Firearms were not simply tools or weapons which colonials and natives picked up and put down. They were symbols of power, source of legal wranglings, and the means through which power and independence were exercised. Here tools and discourse were interwoven; each shaping the other.
Storey looks at the role of firearms throughout the colonial period in South Africa (ending with the Boer War). Firearms, he finds, were diversely manifest through time. They developed from wildly inaccurate muzzle-loaders to more precise breech-loaders. On the frontier of the veld they were seen to serve one function, on farms another, near urban areas still another. British bureaucrats and law-makers, both in the metropole and within the colonial center (Cape Town, Port Elizabeth, D'urbanville) tried to control access to firearms, as a means of controlling the social sphere.
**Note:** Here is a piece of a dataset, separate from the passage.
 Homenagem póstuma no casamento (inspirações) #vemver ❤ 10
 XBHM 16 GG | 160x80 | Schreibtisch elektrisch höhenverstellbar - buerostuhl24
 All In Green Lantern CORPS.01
Of course, firearms could also be means to challenge power. Therein lay much of the foundation for wrangling over access to firearms.
As a lens through which to view the social sphere firearms allow us to see particular things well - access to political power and speech, changing aspects of self-sufficiency and freedom - yet they can also be manifestations of these things. The question of which comes first tends to ground-out in circularity - each led to the other through a dynamic relationship. Do we find this a satisfying category of historical explanation? It is certainly a common one. This seems indicative of a broader ontology within historical scholarship.